Gautam, Buddha, and the New Conquerors of Bengal
Best friends Gautam and Buddha are the cross-dressing stars of the New Conquerors, a bawdy, all-male traveling theater in rural India. This type of theater, called gajon, traces its roots back five-hundred years in eastern India. While Buddha is openly gay, Gautam has a wife and a son back in the village.
India is currently ruled by a right wing Hindu party with a narrow vision of Indian identity. Muslims, beef-eaters, gay people need not apply. In their opinion, homosexuality is a Western vice. Section 377 of Indian law (inherited from the colonial regime), which makes gay sex a crime was reinstated in 2013.
This ruling class will find it hard to deny the Indianness of the film’s protagonists, who live in clay houses and sleep in dry rice paddies after a performance. Western viewers will notice their rudimentary living conditions, but poverty preoccupies neither Gautam, Buddha, nor this film, which focuses on their human complexities.
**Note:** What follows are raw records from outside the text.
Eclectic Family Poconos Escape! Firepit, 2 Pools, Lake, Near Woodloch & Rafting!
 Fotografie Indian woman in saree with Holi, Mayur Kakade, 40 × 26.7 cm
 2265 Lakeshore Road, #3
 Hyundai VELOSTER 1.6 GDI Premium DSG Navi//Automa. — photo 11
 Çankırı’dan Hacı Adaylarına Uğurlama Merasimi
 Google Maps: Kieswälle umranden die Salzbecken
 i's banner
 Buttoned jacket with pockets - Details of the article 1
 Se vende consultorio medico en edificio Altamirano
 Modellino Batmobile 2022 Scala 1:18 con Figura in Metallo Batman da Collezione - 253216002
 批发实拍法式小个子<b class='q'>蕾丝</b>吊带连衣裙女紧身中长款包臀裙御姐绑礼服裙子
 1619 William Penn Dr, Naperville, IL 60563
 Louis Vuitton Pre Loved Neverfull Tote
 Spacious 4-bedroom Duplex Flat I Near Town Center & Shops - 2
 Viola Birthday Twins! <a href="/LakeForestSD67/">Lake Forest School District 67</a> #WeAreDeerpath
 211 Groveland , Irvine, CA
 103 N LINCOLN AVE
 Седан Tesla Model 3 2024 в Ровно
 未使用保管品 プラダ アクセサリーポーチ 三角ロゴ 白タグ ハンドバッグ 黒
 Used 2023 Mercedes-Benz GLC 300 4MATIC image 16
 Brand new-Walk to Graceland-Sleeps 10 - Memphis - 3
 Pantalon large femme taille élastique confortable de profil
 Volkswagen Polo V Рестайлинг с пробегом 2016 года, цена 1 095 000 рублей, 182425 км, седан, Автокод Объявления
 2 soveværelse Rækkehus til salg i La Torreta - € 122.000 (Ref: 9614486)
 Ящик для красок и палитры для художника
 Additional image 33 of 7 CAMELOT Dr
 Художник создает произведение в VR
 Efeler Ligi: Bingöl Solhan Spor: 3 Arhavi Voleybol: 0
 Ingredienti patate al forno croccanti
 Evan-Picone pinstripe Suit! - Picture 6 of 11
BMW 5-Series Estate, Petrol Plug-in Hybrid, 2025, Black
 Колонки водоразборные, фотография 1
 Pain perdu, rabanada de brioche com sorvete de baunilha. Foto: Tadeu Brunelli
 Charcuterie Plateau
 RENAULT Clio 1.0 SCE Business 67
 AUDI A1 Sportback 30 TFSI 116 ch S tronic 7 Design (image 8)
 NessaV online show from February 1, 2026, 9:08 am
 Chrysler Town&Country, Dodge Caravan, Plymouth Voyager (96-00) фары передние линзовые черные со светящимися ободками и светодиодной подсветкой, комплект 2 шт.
Shot with a minimal crew and a hand-held camera, it values intimacy.
Actors often go home for the day and join the troupe in the evening at the next venue. A patriarch at home, Gautam transforms into a sassy queen backstage, while Buddha’s boyfriend constantly suspects him of being unfaithful on the road.
Ultimately, neither protagonist finds a satisfactory way to live in a heteronormative society. However, the ambiguous space they manage to carve out for themselves upends our assumptions about India, the rural poor, and effective strategies for promoting LGBT rights.